The FTSE 250 asset manager is expected to announce a batch of redundancies as soon as today alongside a trading update that may show it suffered billions of pounds of outflows from its funds in the second half of last year.

The scale of the cuts is predicted to be in the region of 10 per cent of the firm’s 5,000-strong workforce, equivalent to almost 500 staff, Sky News reported yesterday.

The cuts are expected to focus on the support and control sides of the business, while the investment division will see minimal redundancies.

The plans come amid a long-running cost-saving programme orchestrated by Abrdn’s boss Stephen Bird, who took over in 2020.

Cuts: Abrdn is expected to announce redundancies alongside a trading update that may show it suffered billions of pounds of outflows from its funds in the second half of last year

Cuts: Abrdn is expected to announce redundancies alongside a trading update that may show it suffered billions of pounds of outflows from its funds in the second half of last year

During his tenure, the firm has struggled to return to profit and boost its share price, which has declined by a third over the last five years.
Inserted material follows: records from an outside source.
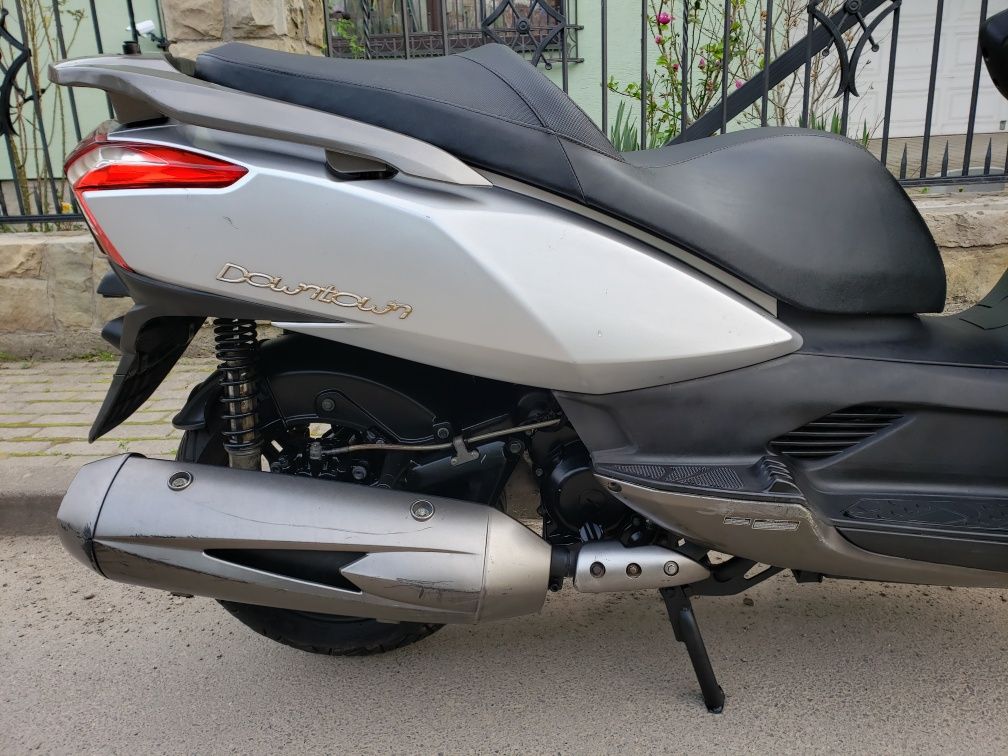 Скутер Kymco Downtown 200i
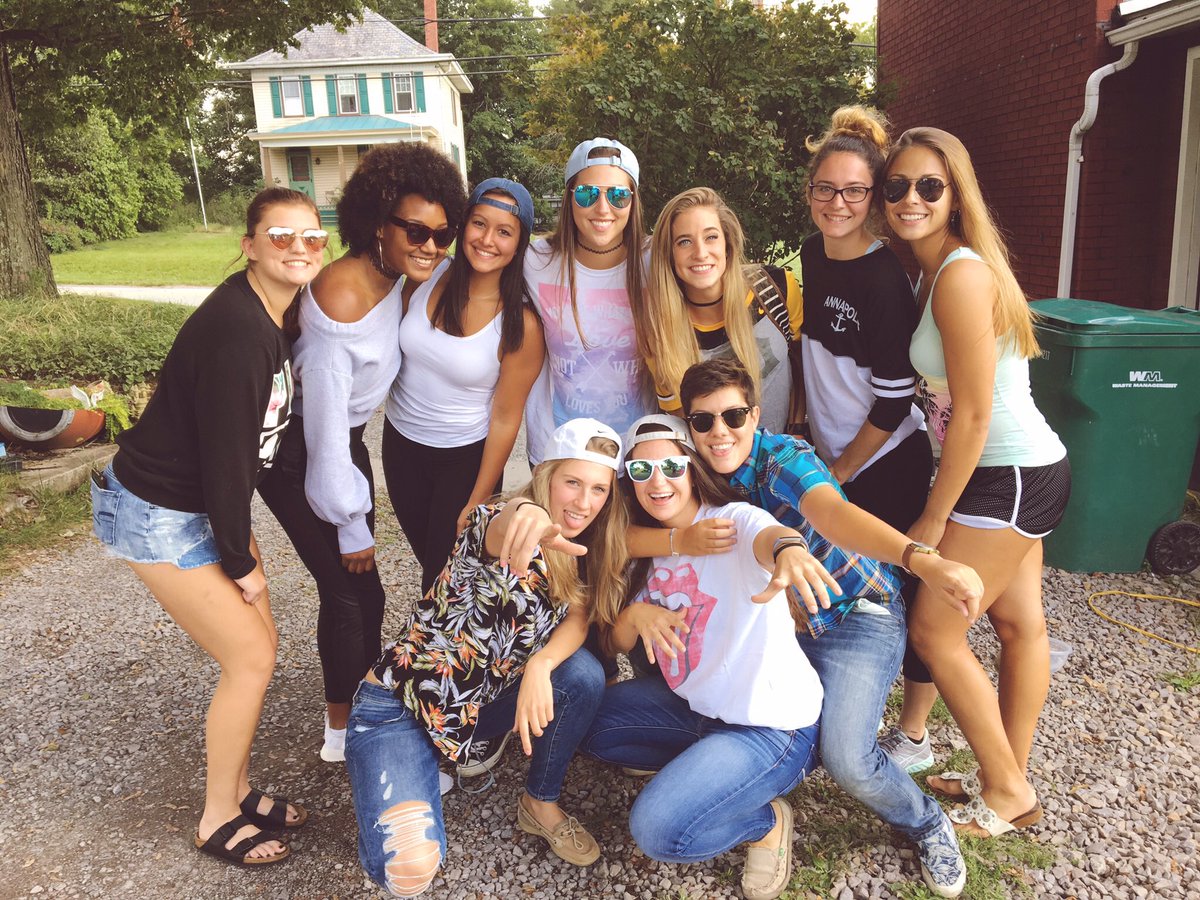 kharwick18's tweet photo. happy birthday to my favorite baller 🏀2️⃣ @MariaMorgan22!!! have the best day ever, buckets! i love you!!!! ❤️❤️ #ion #delcoco https://t.co/xnEEzMSkU5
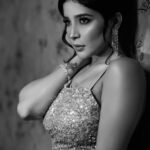 Sakshi Agarwal Instagram – What are you going to do? 
Charge me for being hot?🔥
.

Photography : @g_vigneshwaran_ 
Makeup : @murugeshmakeup_hair 
Hair : @style_with_anbu 
Stylist :- @stylist_muskan_varma_ 
Outfit :- @upgradebya
Jewelry : @miranabymegha 
Jewelry PR: @affiliates_pr @prashantrawat_pr
Pro: @riazkahmed.pro @v4umedia_
Shoot coordination : @jonnyjd5
Lights: @immortalsekar
.
#hotnesstrend #gowndress #feellikequeen👑 #sakshiagarwal Chennai, India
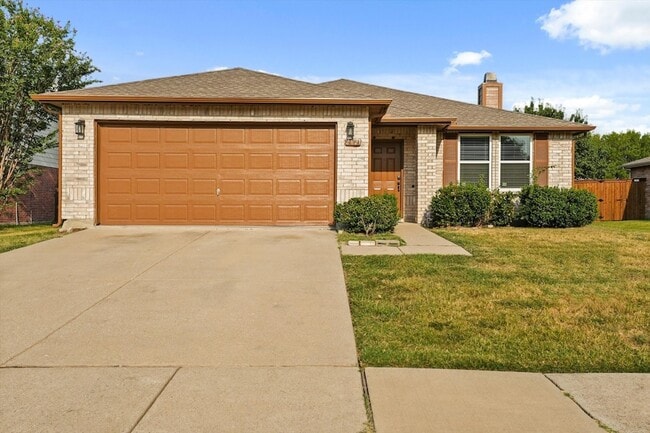 2621 S Wavecrest Ct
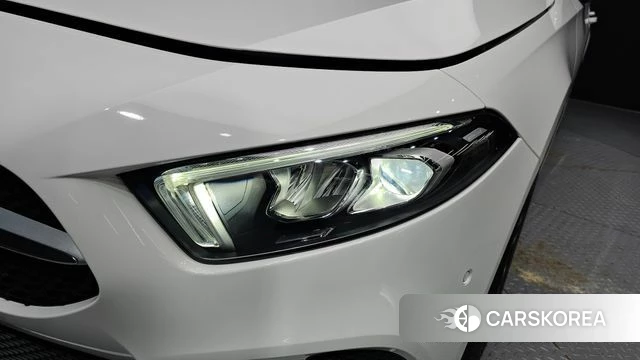 Mercedes-Benz A-Class W177 id 4445656 из Кореи 14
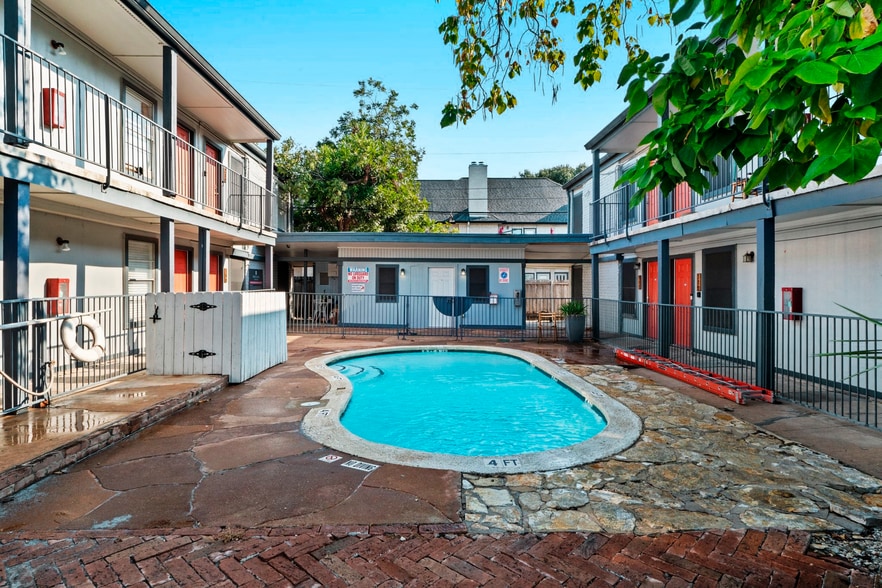 More Photos Of 1501 Kinney Ave, Austin Apartments For Sale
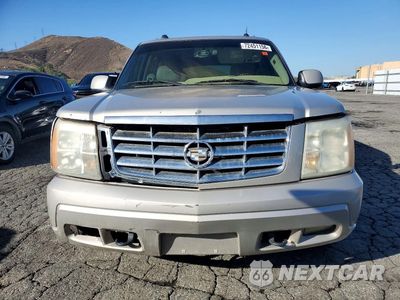 Piąte zdjęcie samochodu w środku: 2005 CADILLAC ESCALADE ESV VIN:3GYFK66N15G219394 - miniatura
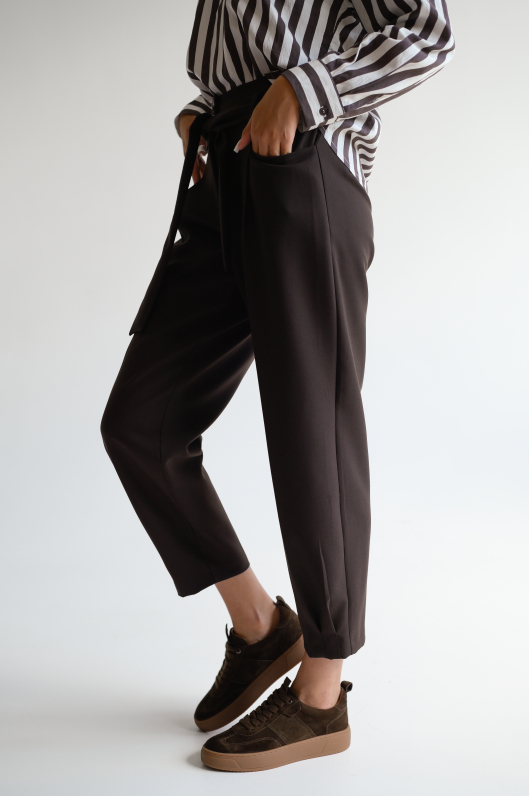 Брюки с акцентом на талии и мягкой силуэтной формы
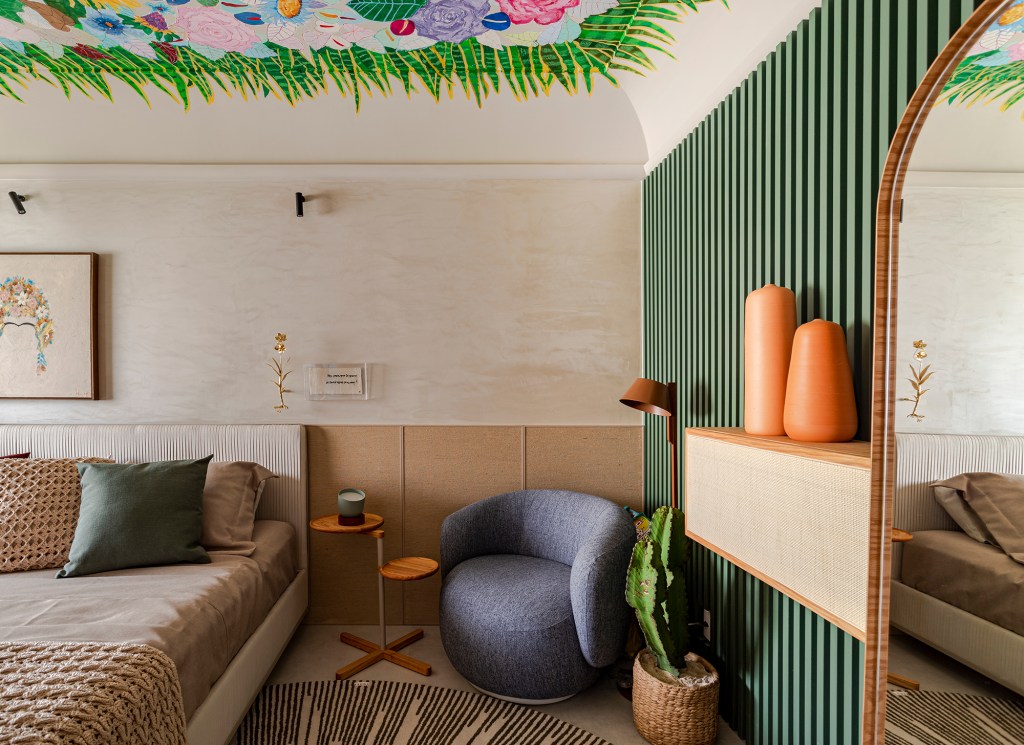 dinah-lins-quarto-asas-para-voar-casacor-bahia-2022-credito-gabriela-daltro (7) Dinah Lins Quarto Asas para Voar CASACOR Bahia 2022 mesa tapete poltrona espelho cama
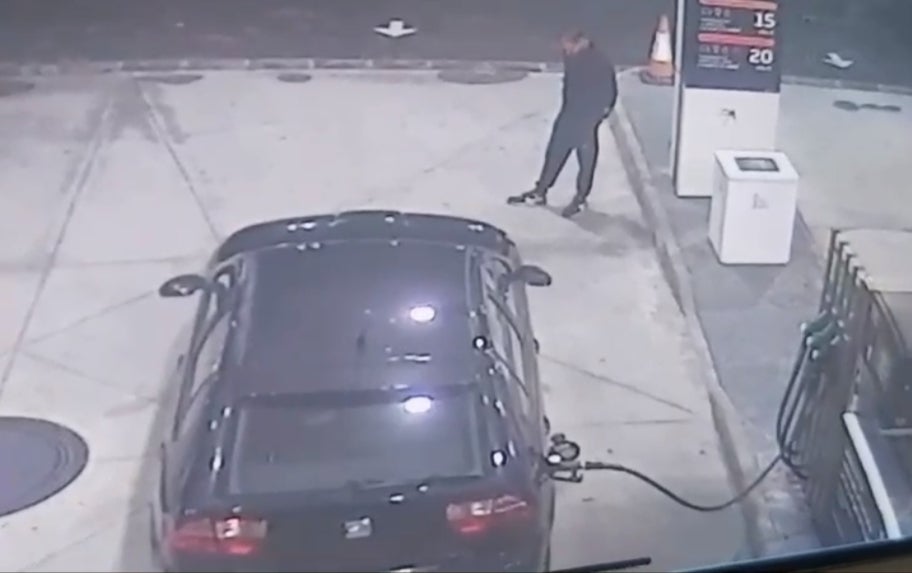 Imagen principal - El conductor de un turismo robado se da a la fuga de una gasolinera en Casar de Cáceres tras atropellar a un trabajador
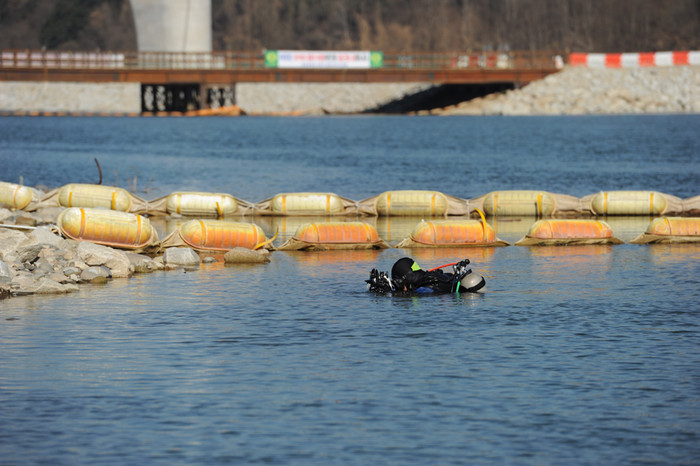 ▲ 오탁방지막이 설치된 여주강천보 상류에서 최근 현장관계자가 현장 수중촬영을 하고 있다.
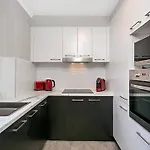 Rand3 - Cosy Apartment - Great Location, Easy Cbd Access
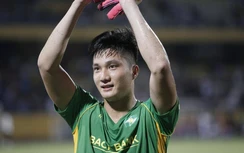 Thủ thành từng dự bị cho Bùi Tiến Dũng hóa "người nhện", giúp SLNA trụ hạng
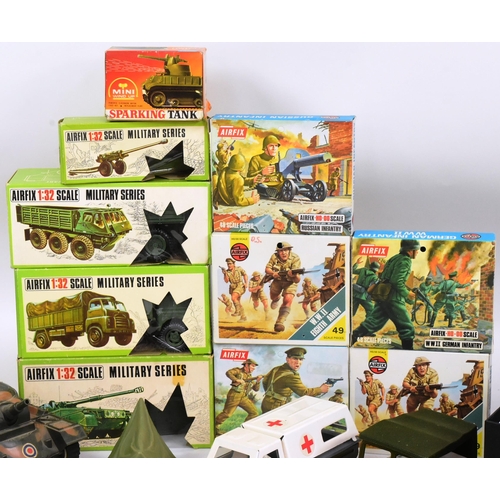 210 - Toy Soldiers - a collection of vintage Airfix 1/32 plastic military vehicles to include Bedford R.L ... 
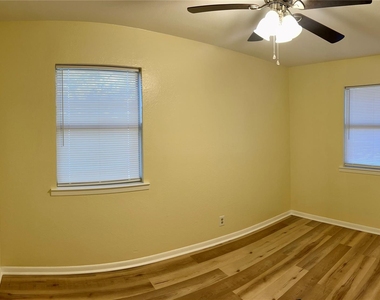 301 Walnut Avenue - Photo Thumbnail 7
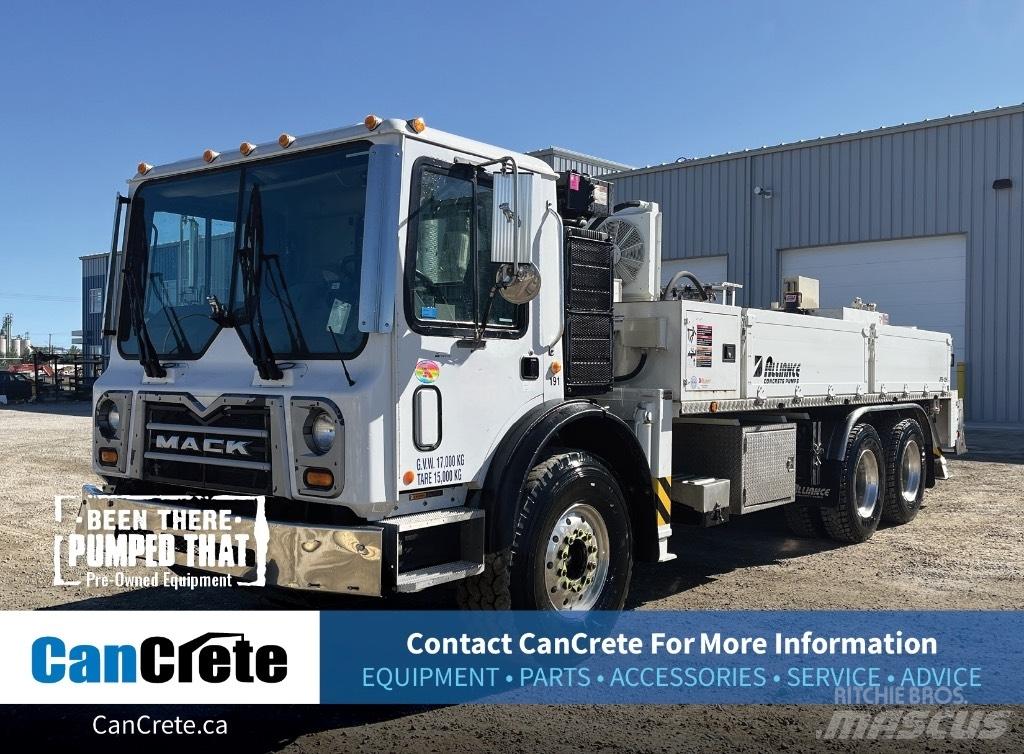 Alliance JFS-12H Betonpomptrucks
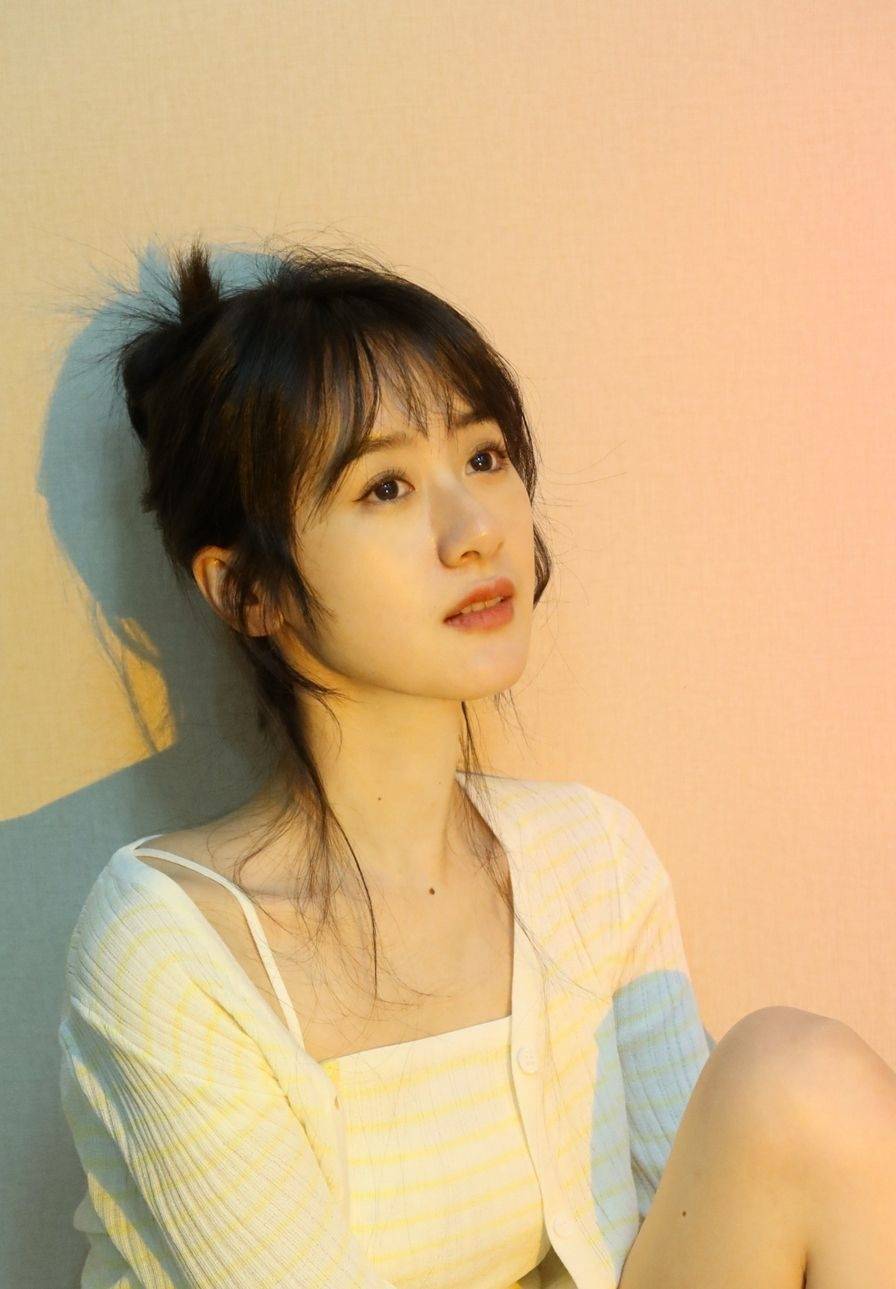 袁冰妍黄色吊带装黄晕写真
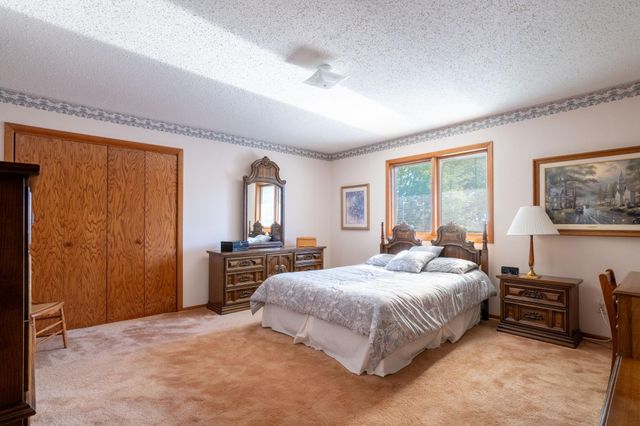 747 5th Avenue NW, Valley City, ND 58072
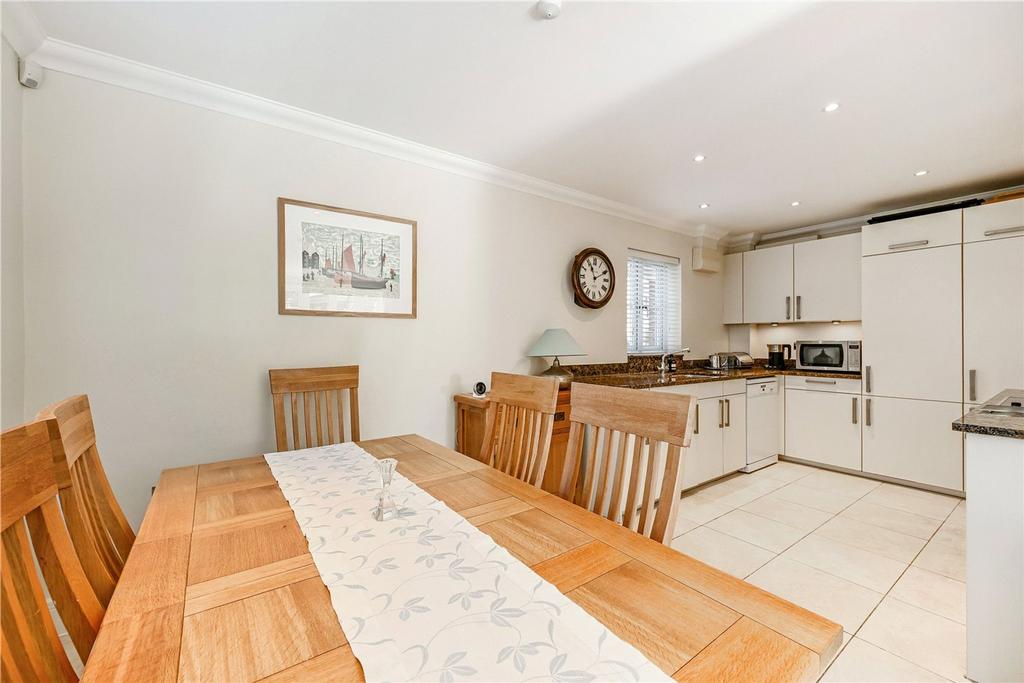 Dining/Kitchen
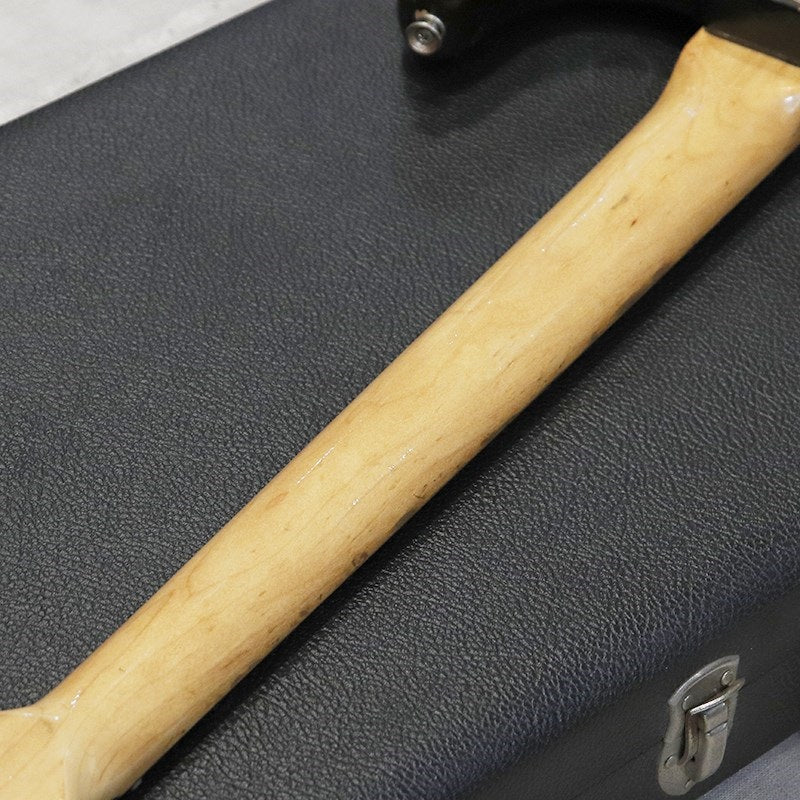 VINTAGE_Stratocaster_'70_Sunburst_R_08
The stock has also lost 26pc of its value in the last six months.

Over 100 of the group’s funds have been closed down, merged or restructured.

And last month reports emerged it has halved redundancy payments and reduced the length of paid parental leave by a third.

The scale of the cost-saving efforts has left some members of staff considering legal action, alleging Abrdn’s tactics may have breached employment law.

‘Abrdn’s trust with employees has gone,’ one employee told the Financial Times.

But sources close to the firm said Abrdn has taken ‘full legal advice’ and staff knew the steps were ‘necessary’ to ‘modernise the firm and create the right culture’. 

The layoffs follow Abrdn’s decision to appoint management consultants Boston Consulting Group (BCG) late last year.

BCG is part of the ‘big three’ management consulting firms which also include McKinsey and Bain & Co.

The company has been hit heavily by clients pulling money out of its funds and mounting losses.

Market conditions have soured following sharp hikes to interest rates, soaring inflation and global instability sparked by the war in Ukraine and the situation in Gaza and the wider Middle East.

In its last set of results in August, Abrdn reported that £4.4billion had been pulled out of its funds in the first half of last year while it also suffered a pre-tax loss for the period of £169m.

At the time, the group noted it had nearly £496billion of assets under management.

Shares in Abrdn fell 3.2 per cent, or 5.65p, to 172.3p.